API Server Unavailable

  1. Check Cilium L2 announcement status:

    kubectl get ciliuml2announcementpolicy -n kube-system
    kubectl get svc apiserver-lb -n kube-system
  2. Verify VIP ARP table:

    arp -an | grep 192.168.10.110
    ping -c3 192.168.10.110
  3. Test API endpoints:

    curl -k https://192.168.10.110:6443/readyz
    kubectl get --raw='/readyz?verbose'

High Error Rates on eth0

If rx_errors > 1000 or mdf_err_cnt > 10000:

  1. Verify EEE is disabled:

    sudo ethtool --show-eee eth0
  2. Check UniFi port configuration (EEE disabled, verify link speed)

  3. Replace Ethernet cable and test different switch port

Thermal/Throttling Issues

If get_throttled shows non-zero values:

  1. Verify cooling solution and ambient temperature
  2. Check power supply quality and cable
  3. Monitor with: vcgencmd get_throttled

Helm Template Issues

If you encounter "undefined variable" errors when deploying monitoring:

# Test template generation
helm template . --name-template monitoring-system --namespace monitoring-system --dry-run

# If you see "$value" undefined errors, the Prometheus template variables
# in alert annotations need to be properly escaped using: {{ "text" | quote }}

Raspberry Pi Exporter Issues

If rpi-exporter pods are not running or not collecting metrics:

# Check pod status
kubectl get pods -n monitoring-system -l app=prometheus-rpi-exporter

# Check pod logs
kubectl logs -n monitoring-system -l app=prometheus-rpi-exporter

# Verify node labels match nodeSelector
kubectl get nodes --show-labels | grep node.homelab.io/arch

# Test direct access to metrics
kubectl port-forward -n monitoring-system svc/prometheus-rpi-exporter 9211:9211
# Then visit: http://localhost:9211/metrics

Common Issues:

  • Image pull failures: If you see 401 UNAUTHORIZED, the image registry/tag has changed.
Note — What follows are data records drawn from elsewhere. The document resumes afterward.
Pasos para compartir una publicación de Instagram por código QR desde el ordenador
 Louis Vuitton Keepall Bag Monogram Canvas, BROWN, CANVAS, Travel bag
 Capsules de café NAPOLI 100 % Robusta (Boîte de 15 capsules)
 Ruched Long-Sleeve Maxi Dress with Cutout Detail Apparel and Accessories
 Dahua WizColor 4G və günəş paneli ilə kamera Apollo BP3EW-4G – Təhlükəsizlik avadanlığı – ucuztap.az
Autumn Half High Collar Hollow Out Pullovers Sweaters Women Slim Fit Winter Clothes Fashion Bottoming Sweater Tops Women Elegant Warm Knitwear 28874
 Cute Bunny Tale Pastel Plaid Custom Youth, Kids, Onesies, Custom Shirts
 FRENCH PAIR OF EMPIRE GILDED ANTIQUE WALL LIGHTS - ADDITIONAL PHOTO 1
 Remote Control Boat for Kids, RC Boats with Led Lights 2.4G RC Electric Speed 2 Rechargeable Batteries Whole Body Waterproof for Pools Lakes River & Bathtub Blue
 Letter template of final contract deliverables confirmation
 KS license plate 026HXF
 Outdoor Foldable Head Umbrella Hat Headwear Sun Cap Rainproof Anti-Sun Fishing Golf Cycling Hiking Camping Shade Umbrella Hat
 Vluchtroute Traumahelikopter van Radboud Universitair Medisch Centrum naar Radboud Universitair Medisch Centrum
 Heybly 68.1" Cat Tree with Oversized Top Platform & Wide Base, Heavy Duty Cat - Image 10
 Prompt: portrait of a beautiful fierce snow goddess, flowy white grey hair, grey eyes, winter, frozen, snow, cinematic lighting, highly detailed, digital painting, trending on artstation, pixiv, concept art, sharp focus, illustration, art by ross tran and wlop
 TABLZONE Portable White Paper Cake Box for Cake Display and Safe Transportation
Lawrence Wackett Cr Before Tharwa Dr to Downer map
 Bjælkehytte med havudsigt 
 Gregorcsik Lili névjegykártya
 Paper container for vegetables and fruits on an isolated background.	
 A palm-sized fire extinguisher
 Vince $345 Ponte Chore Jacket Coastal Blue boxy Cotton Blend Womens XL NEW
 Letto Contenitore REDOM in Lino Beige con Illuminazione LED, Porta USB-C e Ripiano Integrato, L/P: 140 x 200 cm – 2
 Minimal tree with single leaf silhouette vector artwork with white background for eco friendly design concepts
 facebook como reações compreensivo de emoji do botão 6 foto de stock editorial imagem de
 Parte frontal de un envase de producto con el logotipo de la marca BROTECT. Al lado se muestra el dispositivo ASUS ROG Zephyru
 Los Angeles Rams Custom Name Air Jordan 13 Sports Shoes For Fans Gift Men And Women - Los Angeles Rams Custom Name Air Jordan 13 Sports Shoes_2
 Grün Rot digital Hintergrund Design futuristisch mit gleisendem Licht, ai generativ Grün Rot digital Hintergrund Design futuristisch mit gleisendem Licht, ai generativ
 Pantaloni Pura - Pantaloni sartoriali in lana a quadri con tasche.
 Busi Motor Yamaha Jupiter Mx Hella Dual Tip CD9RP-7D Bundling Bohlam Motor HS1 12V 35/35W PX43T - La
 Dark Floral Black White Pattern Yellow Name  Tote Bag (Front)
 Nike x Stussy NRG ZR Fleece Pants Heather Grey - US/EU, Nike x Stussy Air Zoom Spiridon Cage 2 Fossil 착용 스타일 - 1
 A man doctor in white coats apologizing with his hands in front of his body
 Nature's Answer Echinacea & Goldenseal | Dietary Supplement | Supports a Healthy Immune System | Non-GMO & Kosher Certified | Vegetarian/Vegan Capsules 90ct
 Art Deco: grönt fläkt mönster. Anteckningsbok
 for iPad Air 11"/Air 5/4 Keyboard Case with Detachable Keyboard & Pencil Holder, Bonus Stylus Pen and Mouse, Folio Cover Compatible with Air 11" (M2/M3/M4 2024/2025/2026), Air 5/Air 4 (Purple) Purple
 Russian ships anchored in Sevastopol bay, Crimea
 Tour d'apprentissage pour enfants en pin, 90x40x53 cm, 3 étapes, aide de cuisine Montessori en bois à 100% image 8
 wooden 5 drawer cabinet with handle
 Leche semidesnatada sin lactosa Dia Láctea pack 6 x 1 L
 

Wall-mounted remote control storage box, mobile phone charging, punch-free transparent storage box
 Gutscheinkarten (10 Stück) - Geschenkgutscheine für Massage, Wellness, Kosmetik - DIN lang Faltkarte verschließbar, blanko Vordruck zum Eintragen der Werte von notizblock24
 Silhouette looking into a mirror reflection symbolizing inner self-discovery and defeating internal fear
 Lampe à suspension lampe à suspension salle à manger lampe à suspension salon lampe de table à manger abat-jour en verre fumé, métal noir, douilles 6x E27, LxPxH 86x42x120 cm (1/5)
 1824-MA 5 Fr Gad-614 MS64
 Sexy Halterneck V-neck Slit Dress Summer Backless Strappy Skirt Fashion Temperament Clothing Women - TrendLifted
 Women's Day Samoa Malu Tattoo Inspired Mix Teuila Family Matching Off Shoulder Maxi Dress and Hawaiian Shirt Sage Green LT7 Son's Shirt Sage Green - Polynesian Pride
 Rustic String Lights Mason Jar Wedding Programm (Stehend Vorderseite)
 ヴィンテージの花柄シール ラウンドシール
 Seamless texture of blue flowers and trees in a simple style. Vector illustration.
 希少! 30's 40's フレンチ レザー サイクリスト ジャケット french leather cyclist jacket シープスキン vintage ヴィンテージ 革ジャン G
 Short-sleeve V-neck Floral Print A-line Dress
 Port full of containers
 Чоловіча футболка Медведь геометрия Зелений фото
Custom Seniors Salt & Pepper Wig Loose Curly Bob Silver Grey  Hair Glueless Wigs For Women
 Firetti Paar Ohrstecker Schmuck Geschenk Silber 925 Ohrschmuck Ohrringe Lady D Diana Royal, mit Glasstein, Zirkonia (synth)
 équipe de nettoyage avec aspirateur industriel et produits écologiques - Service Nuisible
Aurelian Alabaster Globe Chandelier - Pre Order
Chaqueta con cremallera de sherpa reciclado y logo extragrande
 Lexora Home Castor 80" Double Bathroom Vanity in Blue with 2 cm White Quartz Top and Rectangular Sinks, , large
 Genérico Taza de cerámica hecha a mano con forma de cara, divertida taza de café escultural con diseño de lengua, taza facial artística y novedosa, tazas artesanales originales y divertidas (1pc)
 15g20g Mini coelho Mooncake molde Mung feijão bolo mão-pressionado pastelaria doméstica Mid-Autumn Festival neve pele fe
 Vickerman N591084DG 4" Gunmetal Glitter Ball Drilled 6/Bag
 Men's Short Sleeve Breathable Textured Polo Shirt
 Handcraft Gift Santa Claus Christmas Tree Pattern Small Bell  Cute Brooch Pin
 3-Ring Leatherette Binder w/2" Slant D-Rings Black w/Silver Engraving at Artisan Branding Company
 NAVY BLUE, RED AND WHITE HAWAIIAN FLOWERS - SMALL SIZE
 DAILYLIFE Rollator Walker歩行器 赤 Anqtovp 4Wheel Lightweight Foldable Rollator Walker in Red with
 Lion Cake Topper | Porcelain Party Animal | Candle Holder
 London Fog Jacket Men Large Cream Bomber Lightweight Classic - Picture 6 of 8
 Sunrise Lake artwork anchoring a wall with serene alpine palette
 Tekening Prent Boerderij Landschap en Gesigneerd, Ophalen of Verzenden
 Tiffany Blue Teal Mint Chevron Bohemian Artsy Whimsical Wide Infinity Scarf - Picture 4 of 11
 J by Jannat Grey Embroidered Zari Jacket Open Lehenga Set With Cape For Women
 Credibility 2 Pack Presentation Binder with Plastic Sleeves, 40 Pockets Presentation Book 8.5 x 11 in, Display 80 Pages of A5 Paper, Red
Current image: edgd1er/rpi_exporter:latest
  • NodeSelector mismatch: Ensure nodes have node.homelab.io/arch: arm64 label
  • Missing privileges: Exporter needs privileged access and /sys, /proc mounts
  • Hardware access: Some RPi models may need additional configuration

Image Registry Changes: The original quay.io/prometheuscommunity/rpi-exporter:v0.3.0 returned 401 UNAUTHORIZED. Using edgd1er/rpi_exporter:latest as a working alternative with compatible metrics.

Cilium L2 Troubleshooting

When using Cilium L2 announcements for LoadBalancer services and API server VIP:

L2 Announcement Status:

# Check L2 announcement policy
kubectl get ciliuml2announcementpolicy -A

# Check which nodes are announcing IPs
kubectl get ciliuml2announcementpolicy loadbalancer-ips -n kube-system -o yaml

Service IP Allocation:

# Check LoadBalancer services
kubectl get svc -A -o wide | grep LoadBalancer

# Check IP pool allocation
kubectl get ciliumloadbalancerippool -n kube-system
kubectl describe ciliumloadbalancerippool homelab-lb-pool -n kube-system

Cilium Status:

# Overall Cilium health
cilium status

# Cilium agent logs
kubectl logs -n kube-system -l app=cilium --tail=100

ARP Resolution:

# From external machine, check ARP table for VIP
arp -an | grep 192.168.10.110

# Test connectivity to LoadBalancer IP
curl -k https://192.168.10.110:6443

Common L2 Issues:

  • VIP not reachable: Check L2 announcement policy nodeSelector matches control plane nodes
  • IP not allocated: Check CiliumLoadBalancerIPPool range and availability
  • ARP not responding: Verify l2announcements.enabled: true in Cilium config
  • Interface mismatch: Check L2 policy interfaces match node network interfaces (eth*, en*)

Deployment Commands

Deploy Monitoring Updates

# Update monitoring system with new exporters and alerts
helm upgrade --install monitoring-system ./the-lab/system/monitoring-system

Apply Network and System Updates

# Apply EEE disable systemd unit and other system optimizations
make host-bootstrap

# Redeploy kube-vip with updated configuration
make k3s-install

# Deploy monitoring updates with Raspberry Pi and API server monitoring
helm upgrade monitoring-system ./the-lab/system/monitoring-system

UniFi Switch Configuration

In UniFi Controller:

  1. Navigate to Settings → Networks → LAN
  2. For each Raspberry Pi switch port:
    • Disable "Energy Efficient Ethernet (EEE)"
    • Verify "Speed/Duplex" is set to "Auto" or "1000Mbps/Full-Duplex"
    • Keep default STP settings (do not enable RSTP due to Sonos compatibility)

Hosts inventory

All hosts are defined in src/inventory.yml.

Commands

make ping

Test connectivity to inventory hosts.

make facts

Gather and display facts about inventory hosts.

make lint

Run Ansible Lint against the playbooks.

make host-bootstrap

Initializes the remote hosts that comprise the cluster.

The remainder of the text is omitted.